‘Golden Age of Content’ denilen bir zamanda yaşıyoruz. Bu terim istediğimiz her türlü film, kitap, dizi, belgesel ve videoya ulaştığımız günümüzü anlatıyor. Sıkıldığımızda Netflix’i açıyoruz ve binlerce yapım karşımıza çıkıyor ki Netflix’in yanında bir de Disney+, Amazon Prime ve BluTV de var. Eğer Instagram veya Twitter (artık X) gibi bir sosyal medya platformunu açarsanız milyonlarca yazı, yorum, haber bulursunuz; eğer YouTube’u açarsanız yüz milyonlarca video. Zaten her şeye yetişmenin zor olduğu yetmezmiş gibi bir de şirketler dikkatimizin hepsini toplamak için ürettikleri prodüksiyonların sayısını durmadan arttırıyorlar. Eğer bir dizi başarılı olduysa bitirmek yerine yeni sezonları, farklı karakterin hikayelerini devam ettiren spin-off diziler çekiliyor.
Aynı hikaye sporlarda da var. Bu sene milli voleybol takımı oyuncularımız ulusal liglerde, lig play-offlarında, Şampiyonlar Liginde, Avrupa liginde ve Dünya Kupası elemelerinde oynadılar. Voleybol takip edenler haftada en az iki-üç maç izlemek zorunda kaldı. Futbol da benzer bir şekilde ilerliyor. UEFA Şampiyonlar Ligi ve Avrupa liginin ardından Konferans Ligini yıllık takvime iki sezon önce ekledi. Bunun üstüne seneye bu liglere katılan takımların ve oynanacak maçların sayısı da artacak. Uluslararası futbol da geride kalmamak için takvimin her boş anına yeni bir turnuva veya yeni bir hazırlık müsabakası ekliyor. Eğer futbol izlemeyi seven biriyseniz her gün izlenecek maç buluyorsunuz. Aynı haftada salı ve çarşamba günleri Şampiyonlar Ligi izleyip, perşembe Avrupa ve Konferans ligi, cuma, cumartesi ve pazar ise ulusal ligler izlenebiliyor.
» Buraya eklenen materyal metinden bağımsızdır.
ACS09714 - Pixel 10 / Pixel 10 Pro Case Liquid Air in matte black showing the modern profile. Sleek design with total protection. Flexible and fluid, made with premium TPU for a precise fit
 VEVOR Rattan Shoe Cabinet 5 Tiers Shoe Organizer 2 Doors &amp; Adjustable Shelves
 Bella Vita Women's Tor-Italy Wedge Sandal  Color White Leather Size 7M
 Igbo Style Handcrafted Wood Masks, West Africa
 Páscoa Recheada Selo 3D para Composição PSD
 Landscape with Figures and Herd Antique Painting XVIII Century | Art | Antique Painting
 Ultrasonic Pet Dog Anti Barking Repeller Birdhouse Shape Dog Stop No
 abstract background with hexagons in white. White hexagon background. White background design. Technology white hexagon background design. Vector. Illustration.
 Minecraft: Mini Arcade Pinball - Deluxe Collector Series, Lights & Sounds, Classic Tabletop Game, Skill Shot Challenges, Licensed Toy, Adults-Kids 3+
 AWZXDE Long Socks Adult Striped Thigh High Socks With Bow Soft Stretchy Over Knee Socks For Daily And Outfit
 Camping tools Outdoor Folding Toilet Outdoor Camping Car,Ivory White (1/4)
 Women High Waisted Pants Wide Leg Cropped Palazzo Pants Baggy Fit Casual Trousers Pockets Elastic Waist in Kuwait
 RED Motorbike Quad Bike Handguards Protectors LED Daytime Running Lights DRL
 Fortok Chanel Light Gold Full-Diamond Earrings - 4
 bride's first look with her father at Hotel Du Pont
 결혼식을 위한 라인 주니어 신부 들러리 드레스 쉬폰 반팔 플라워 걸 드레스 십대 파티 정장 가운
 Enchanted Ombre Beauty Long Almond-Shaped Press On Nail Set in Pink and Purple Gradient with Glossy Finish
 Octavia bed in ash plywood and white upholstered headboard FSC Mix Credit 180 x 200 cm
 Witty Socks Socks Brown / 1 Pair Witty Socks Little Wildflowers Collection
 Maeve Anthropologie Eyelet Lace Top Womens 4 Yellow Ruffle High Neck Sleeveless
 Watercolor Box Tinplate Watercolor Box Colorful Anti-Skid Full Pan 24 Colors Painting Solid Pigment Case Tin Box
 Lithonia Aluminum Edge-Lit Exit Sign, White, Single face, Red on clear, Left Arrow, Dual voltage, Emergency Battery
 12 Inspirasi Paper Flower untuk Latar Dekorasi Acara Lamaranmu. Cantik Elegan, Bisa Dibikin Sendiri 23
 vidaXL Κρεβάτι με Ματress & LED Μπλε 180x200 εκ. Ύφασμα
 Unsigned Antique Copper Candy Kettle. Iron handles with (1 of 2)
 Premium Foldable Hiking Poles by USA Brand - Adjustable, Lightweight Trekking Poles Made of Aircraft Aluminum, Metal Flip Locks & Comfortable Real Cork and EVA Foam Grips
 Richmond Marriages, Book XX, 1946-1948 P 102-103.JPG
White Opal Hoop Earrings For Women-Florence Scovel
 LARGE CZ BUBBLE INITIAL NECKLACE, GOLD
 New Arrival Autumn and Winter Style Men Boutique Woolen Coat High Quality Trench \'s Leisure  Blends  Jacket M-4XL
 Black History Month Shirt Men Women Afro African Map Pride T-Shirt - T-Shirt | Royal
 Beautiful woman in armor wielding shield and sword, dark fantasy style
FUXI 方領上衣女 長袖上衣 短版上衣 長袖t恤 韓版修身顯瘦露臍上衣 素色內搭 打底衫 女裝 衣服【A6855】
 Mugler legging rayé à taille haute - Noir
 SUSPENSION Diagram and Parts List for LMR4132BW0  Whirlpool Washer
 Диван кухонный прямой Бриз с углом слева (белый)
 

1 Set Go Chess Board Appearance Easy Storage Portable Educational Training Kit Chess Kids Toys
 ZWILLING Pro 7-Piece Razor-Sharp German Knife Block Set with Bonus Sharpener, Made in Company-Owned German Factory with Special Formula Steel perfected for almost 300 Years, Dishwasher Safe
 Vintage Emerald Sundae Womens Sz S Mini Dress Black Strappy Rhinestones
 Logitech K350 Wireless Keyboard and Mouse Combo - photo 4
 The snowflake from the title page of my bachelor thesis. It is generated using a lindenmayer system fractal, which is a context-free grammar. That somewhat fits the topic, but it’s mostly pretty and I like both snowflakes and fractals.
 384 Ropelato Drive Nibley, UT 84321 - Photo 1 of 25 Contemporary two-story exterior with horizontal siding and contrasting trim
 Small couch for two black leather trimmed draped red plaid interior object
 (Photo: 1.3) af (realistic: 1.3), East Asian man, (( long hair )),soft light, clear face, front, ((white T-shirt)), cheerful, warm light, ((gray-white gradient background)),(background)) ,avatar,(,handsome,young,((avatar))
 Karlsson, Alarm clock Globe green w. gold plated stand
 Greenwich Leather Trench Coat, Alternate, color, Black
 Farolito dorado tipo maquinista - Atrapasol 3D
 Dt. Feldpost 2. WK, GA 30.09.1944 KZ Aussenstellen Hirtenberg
Peki eğer aynı hafta Netflix’te izlediğiniz dizinin yeni sezonu çıktıysa, tuttuğunuz takımın hem Avrupa’da hem ulusal ligde maçı varsa, bir de İngiltere’de Manchester City - Arsenal maçı olduğu yetmezmiş gibi arkadaşınız size Instagram’dan videolar atıyorsa?
Yetişmek çok zor.
Tabii ki spor ve eğlence bu büyük yetişememezlik yapbozunun sadece küçük bir kısmı. Ben bazen dünyada ne olup ne bittiğini öğrenmek için aynı gün hem 19 Kasım’da yaşanacak olan Arjantin seçimini hem de Apple’ın piyasa değerini takip etmem gerekiyor gibi hissediyorum. Dünyada herkes her bilgiye sahip gibi hissedince çok kolay eksik kalıyor gibi hissediliyor. Bu yolun da ise tek bir sonu var.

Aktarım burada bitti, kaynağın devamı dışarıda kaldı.